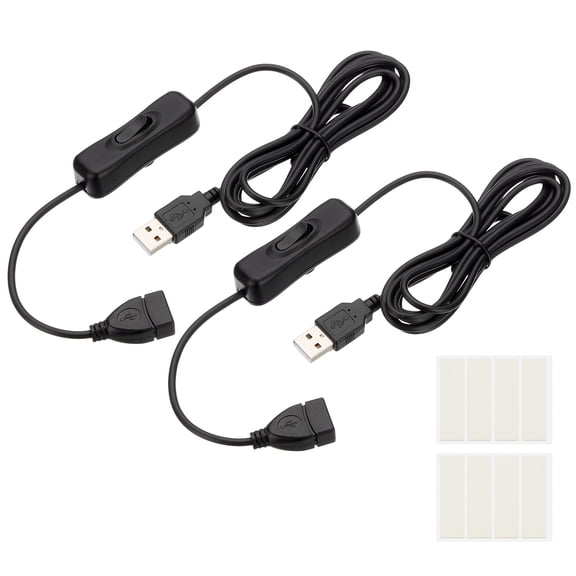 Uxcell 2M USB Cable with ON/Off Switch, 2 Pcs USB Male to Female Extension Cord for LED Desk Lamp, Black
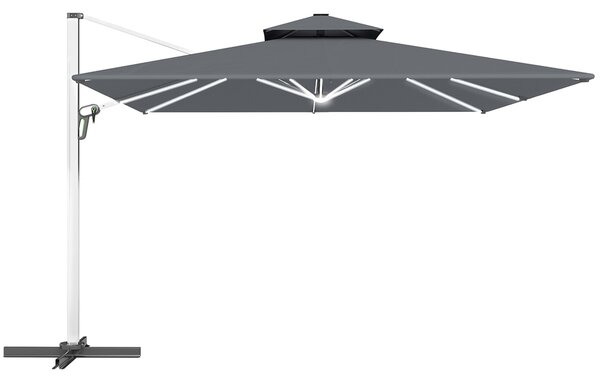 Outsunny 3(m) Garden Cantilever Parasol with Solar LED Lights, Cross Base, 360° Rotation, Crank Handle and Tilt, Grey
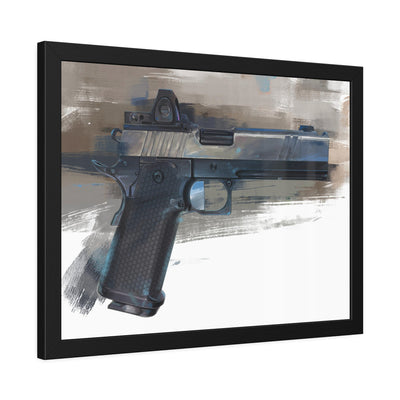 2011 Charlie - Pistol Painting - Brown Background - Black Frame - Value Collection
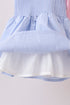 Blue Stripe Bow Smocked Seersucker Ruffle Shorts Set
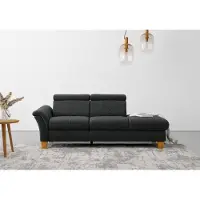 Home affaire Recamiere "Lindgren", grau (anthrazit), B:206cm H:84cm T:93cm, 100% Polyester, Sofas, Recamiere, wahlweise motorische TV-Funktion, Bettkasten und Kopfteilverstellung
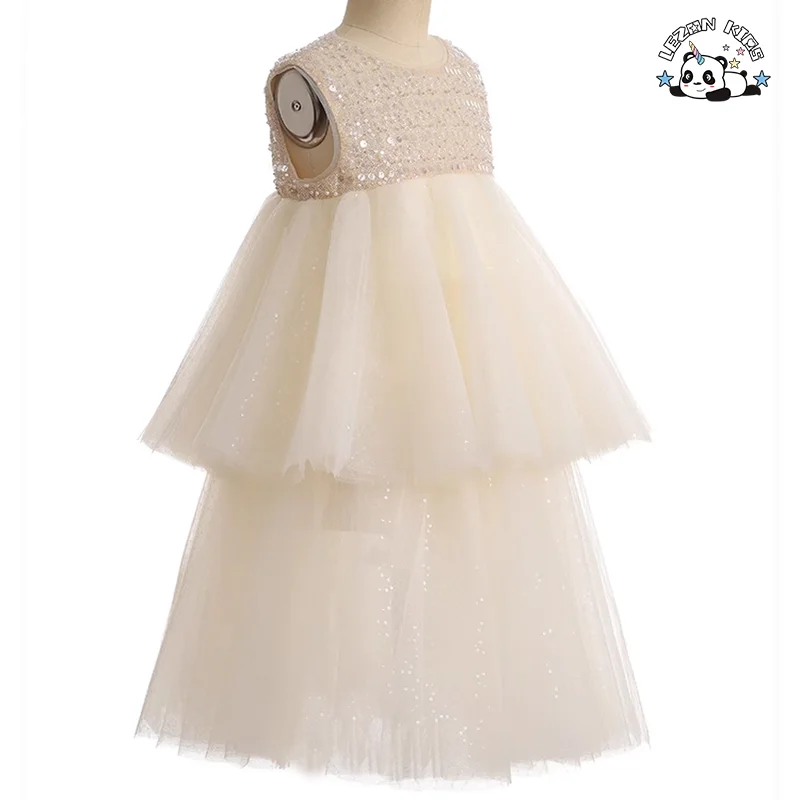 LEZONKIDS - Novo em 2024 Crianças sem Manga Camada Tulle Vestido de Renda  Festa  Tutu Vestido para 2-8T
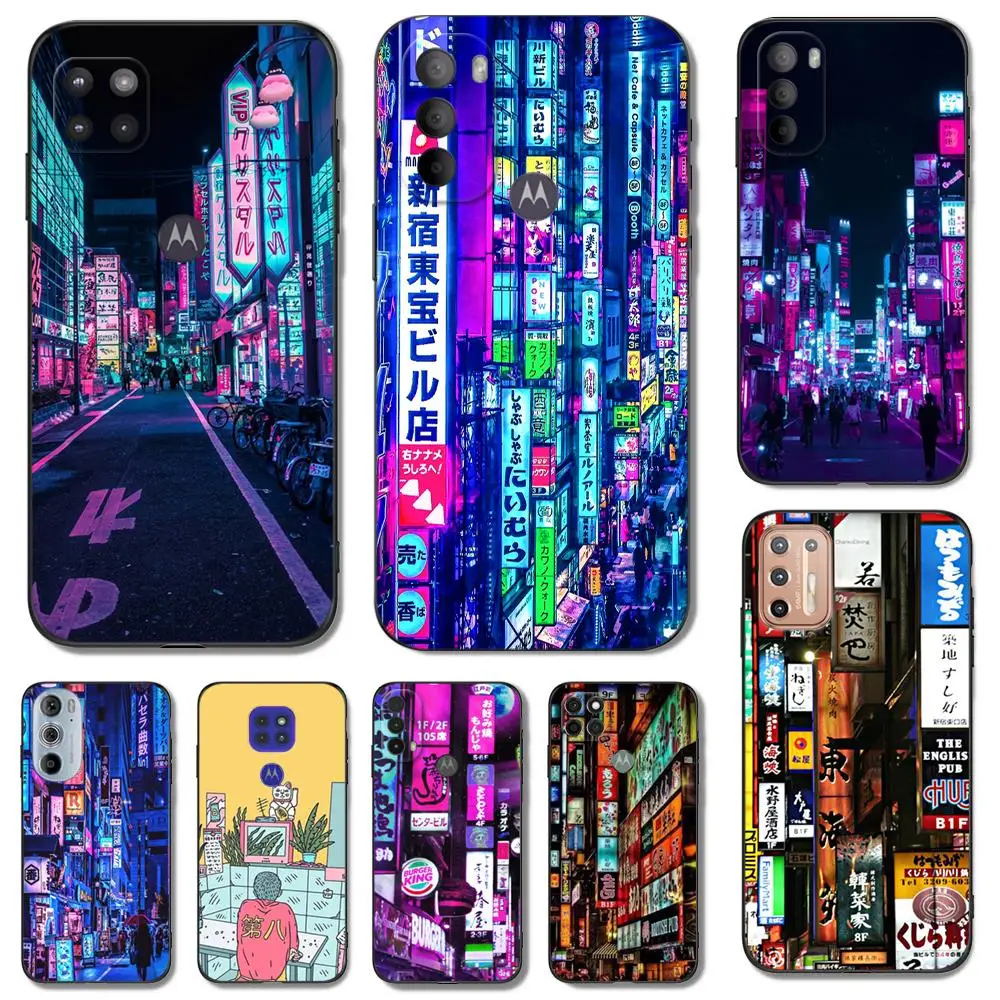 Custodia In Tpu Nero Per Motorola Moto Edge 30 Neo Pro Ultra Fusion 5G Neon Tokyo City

========================================

▸ **Exercise description**: Exact repeats of the lines from the first one in the data through the line containing "Blue Stripe Bow" make up the answer. Pictures do not.

▸ **Output below**:
 Uxcell 2M USB Cable with ON/Off Switch, 2 Pcs USB Male to Female Extension Cord for LED Desk Lamp, Black
 Outsunny 3(m) Garden Cantilever Parasol with Solar LED Lights, Cross Base, 360° Rotation, Crank Handle and Tilt, Grey
 2011 Charlie - Pistol Painting - Brown Background - Black Frame - Value Collection
 Blue Stripe Bow Smocked Seersucker Ruffle Shorts Set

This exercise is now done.